The South Island’s largest city sits at the eastern edge of the Canterbury Plains behind the Banks Peninsula.
Known as “The Garden City”, Christchurch boasts some beautifully sculpted parks and gardens reminiscent of Victorian England. While much of the city has a decidedly British feel, it also houses the country’s largest marae, and you can learn about Māori culture in the museum. The bold new Arts Gallery is a modern architectural masterpiece, and it is juxtaposed with the neo-Gothic colonial remnants of the city centre.
Cathedral Square marks the centre of the city, which is laid out in a grid plan with the Avon River flowing through the middle.

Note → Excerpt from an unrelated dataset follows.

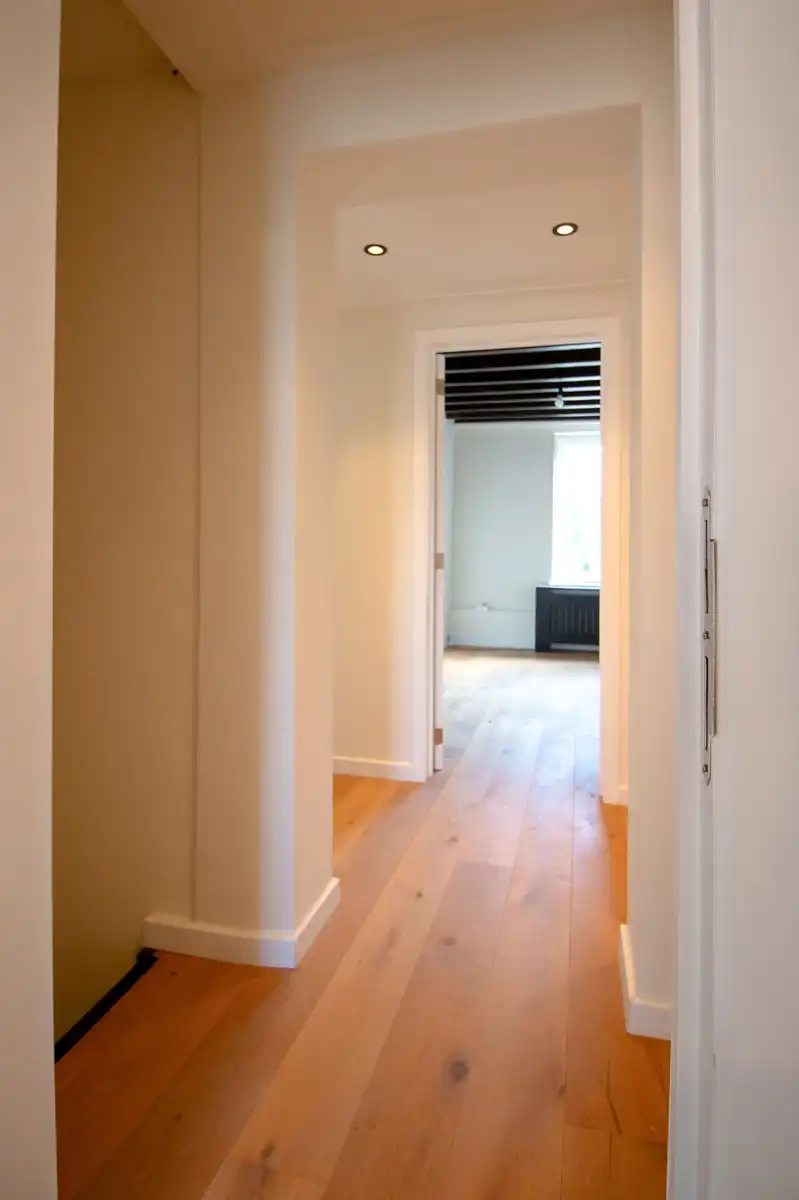 Prachtig gerenoveerde woning voor gemengd gebruik. foto 18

The city was shaken by a series of earthquakes between 2010 and 2012. These earthquakes had a massive impact to the city with much of the city centre, including its iconic cathedral, was destroyed during this period. The city centre was not fully re-opened to the public until June 2013 and much of the city is still in ruins; however, seeds of a renaissance are starting to sprout including the Re:START shopping precinct on Cashel Street, which is constructed from colourful shipping containers.
Christchurch has one tram route and an extensive bus network, but most people find the city compact enough to walk around.
Although Christchurch is a pretty easy city to walk around, you may need to take a bus or two if you want to get across town or go to the train station, airport or the good hitchhiking spots. Christchurch’s public transport system is surprisingly efficient and many services run every 10 to 15 minutes.
The city’s most frequent bus routes are the Metro Lines, the colour coded routes (the blue, purple, yellow and orange lines) plus the suburban Orbiter route that run every 10–15 minutes. The City Connector services (bus routes with two-digit route numbers) run from outer suburbs into the city centre and the Suburban Link services (bus routes with three-digit route numbers) run between suburbs without entering the city centre.
Most buses leave from the new bus interchange on Lichfield Street, although the bus network is less centralised post-earthquake with some bus routes (including the Orbiter route and all routes with three-digit numbers) running from one suburb to another without entering the city centre.
Local buses are essential if you’re staying at one of the hostels outside the city centre. The yellow route is best if you’re staying at MacKenzie’s Backpackers or Point Break Backpackers in New Brighton and the purple route and route 29 are best if you are staying at Jucy Snooze near the airport.
Fares are based on a zone system with two fare zones (plus a separate zone just for the airport). Virtually everything you need to see is in zone one and it is not unreasonably to get off the bus one stop before the airport to save some money. Bus fares – particularly to the airport – are cheaper if you pay using the Metrocard (a stored-value smart card, similar to London’s Oyster card).
A cash fare in zone one is $4 ($2.55 with the Metrocard) and a trip to zone two costs $5.50 ($3.75 with the Metrocard). A cash fare between the airport and the city centre is $8.50 (only $2.55 with the Metrocard).
A Metrocard costs $10 and you must load a minimum of $10 credit on it. It is not always worth buying a Metrocard if you’re only visiting Christchurch for a couple of days, but the savings on the bus ride to and from the airport mean that it is worth it if you are arriving and departing from Christchurch Airport.
Christchurch also has a limited tram service that runs along a 2.5km loop past the main sights. It’s a bit touristy and compared to the bus it is pretty expensive at $25 for a one-day pass, although an annual pass is better value at $65.